"REFORMLARI, KENDİ MİLLETİMİZ İÇİN YAPIYORUZ"
Devlet Bakanı ve Başmüzakereci Egemen Bağış, Avrupa Birliği ile ilgili reformların, AB'yi mutlu etmek için yapılmadığını ifade ederek, "Reformları kendi milletimizin, kendi ulusumuzun daha iyi standartlarda yaşamaya layık olduğuna inandığımız için yapıyoruz. Bu çerçevede Türkiye her geçen gün daha demokratikleşiyor, daha müreffeh hale geliyor" dedi.
Bağış, Alarko Holding Yönetim Kurulu ve Türk-İsveç İş Konseyi Başkanı İshak Alaton ve konsey üyeleri ile öğle yemeğinde bir araya geldi.
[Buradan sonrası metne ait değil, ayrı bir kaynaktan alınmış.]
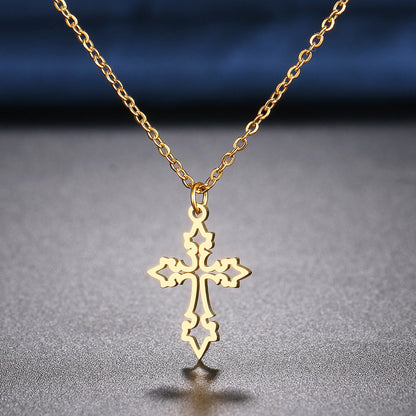 Retro Hollow Cross Gothic Necklace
Bağış, burada yaptığı konuşmada, Türkiye'ye AB yolunda en açık desteği veren ülkenin İsveç olduğunu dile getirerek, bir süre önce Başbakan Recep Tayyip Erdoğan ile İsveç'e yaptıkları ziyarette bu ülkenin meclisinde yer alan 7 partinin Türkiye'nin AB üyeliğine tam destek vereceklerini açıklamalarından mutluluk duyduklarını söyledi.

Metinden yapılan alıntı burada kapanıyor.